Roseto non molla e porta la serie all'ultimo atto: la Liofilchem travolge Ruvo di Puglia 105-76 in gara-4, ristabilisce l’equilibrio sul 2-2 e rinvia ogni verdetto a mercoledì sera, quando in Puglia si giocheranno quaranta minuti da dentro o fuori per la permanenza in Serie A2.

Una risposta forte, quasi rabbiosa, quella degli abruzzesi dopo i fatti incandescenti di gara-3 e la rissa che aveva coinvolto Jacopo Borra e Aristide Landi. Il lungo di Ruvo, squalificato per tre giornate dopo il pugno costato undici punti di sutura al giocatore rosetano, ha voluto chiedere pubblicamente scusa prima della partita: «Il mio comportamento è stato ingiustificabile. Rivedendo le immagini non mi sono riconosciuto. Chiedo scusa prima di tutto ad Aristide Landi, alla squadra, alla società e al pubblico di Roseto». Parole arrivate in un clima ancora pesante, con il PalaMaggetti che ha invece accolto Landi con un’ovazione al momento della presentazione.

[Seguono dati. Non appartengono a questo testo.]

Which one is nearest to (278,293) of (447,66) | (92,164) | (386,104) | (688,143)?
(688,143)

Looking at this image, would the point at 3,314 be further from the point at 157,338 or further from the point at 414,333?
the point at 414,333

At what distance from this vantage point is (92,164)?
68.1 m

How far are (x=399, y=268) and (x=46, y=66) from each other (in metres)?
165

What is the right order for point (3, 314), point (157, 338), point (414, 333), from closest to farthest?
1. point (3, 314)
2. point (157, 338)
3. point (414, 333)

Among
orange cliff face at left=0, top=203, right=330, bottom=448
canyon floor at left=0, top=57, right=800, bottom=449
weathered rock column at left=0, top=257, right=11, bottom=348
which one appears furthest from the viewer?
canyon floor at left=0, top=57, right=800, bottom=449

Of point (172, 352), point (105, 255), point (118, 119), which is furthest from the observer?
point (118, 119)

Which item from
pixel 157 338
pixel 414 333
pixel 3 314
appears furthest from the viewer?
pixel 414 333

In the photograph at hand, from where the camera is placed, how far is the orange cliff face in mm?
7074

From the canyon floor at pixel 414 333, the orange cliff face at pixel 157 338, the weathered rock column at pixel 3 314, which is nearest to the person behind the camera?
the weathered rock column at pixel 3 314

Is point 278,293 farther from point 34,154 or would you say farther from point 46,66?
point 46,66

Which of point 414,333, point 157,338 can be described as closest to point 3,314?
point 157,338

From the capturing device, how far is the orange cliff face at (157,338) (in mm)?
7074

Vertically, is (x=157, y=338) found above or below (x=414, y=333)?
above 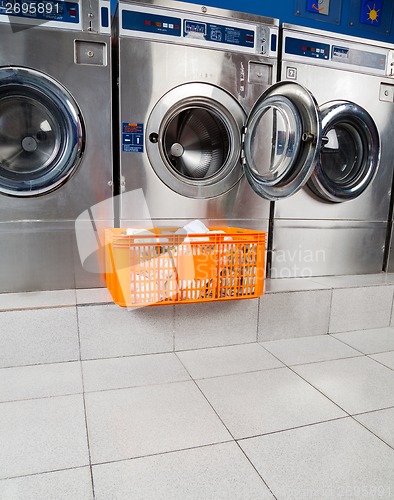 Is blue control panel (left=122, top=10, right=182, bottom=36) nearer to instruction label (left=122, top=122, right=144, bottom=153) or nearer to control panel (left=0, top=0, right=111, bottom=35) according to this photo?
control panel (left=0, top=0, right=111, bottom=35)

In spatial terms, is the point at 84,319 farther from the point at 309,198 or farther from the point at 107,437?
the point at 309,198

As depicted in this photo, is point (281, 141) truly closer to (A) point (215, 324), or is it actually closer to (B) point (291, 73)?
(B) point (291, 73)

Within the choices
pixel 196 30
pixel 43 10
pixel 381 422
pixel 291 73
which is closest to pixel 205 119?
pixel 196 30

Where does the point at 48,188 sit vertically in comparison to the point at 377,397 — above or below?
above

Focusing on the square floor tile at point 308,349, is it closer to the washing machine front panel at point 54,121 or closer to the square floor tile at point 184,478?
the square floor tile at point 184,478

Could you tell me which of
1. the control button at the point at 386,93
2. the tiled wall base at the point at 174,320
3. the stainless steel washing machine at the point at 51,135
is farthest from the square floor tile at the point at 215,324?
the control button at the point at 386,93

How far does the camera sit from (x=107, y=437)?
→ 1.22 meters

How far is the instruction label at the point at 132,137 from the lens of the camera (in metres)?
1.93

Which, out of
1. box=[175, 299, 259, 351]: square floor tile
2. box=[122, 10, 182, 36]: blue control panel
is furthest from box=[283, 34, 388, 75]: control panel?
box=[175, 299, 259, 351]: square floor tile

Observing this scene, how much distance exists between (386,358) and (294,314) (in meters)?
0.51

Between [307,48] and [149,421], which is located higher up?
[307,48]

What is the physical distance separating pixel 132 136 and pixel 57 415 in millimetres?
1356

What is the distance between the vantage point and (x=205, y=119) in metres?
2.13

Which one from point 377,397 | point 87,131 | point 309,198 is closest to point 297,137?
point 309,198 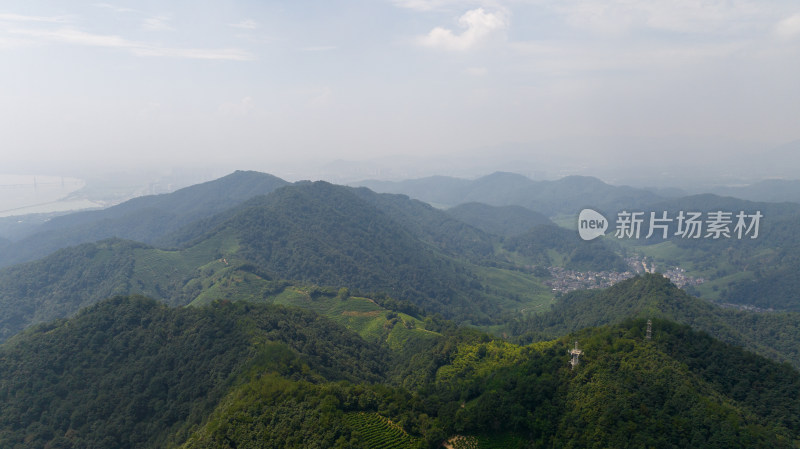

Sul parquet, però, la partita dura poco più di cinque minuti. Ruvo parte meglio, ma dopo il primo vantaggio firmato Harrison (10-8) è un monologo biancazzurro. Roseto cambia ritmo, alza l’intensità e prende progressivamente il controllo della gara senza più voltarsi indietro. Il +13 dell’intervallo (55-42) diventa margine larghissimo nella ripresa, fino al definitivo 105-76 che racconta da solo la superiorità dei padroni di casa.

A trascinare la Liofilchem sono soprattutto Cannon, dominante sotto canestro con 25 punti e 10 rimbalzi, Harrison (21) e un Cinciarini glaciale con cinque triple e altri 21 punti. Ruvo, priva di Borra e con Anumba fuori nel secondo tempo per un problema al piede, si aggrappa ai 23 punti di Russ Smith ma finisce presto senza energie e riferimenti.

Ora resta l’ultimo atto: gara-5, in Puglia, per decidere chi resterà in A2 e chi invece vedrà chiudersi amaramente la stagione con la retrocessione in serie B.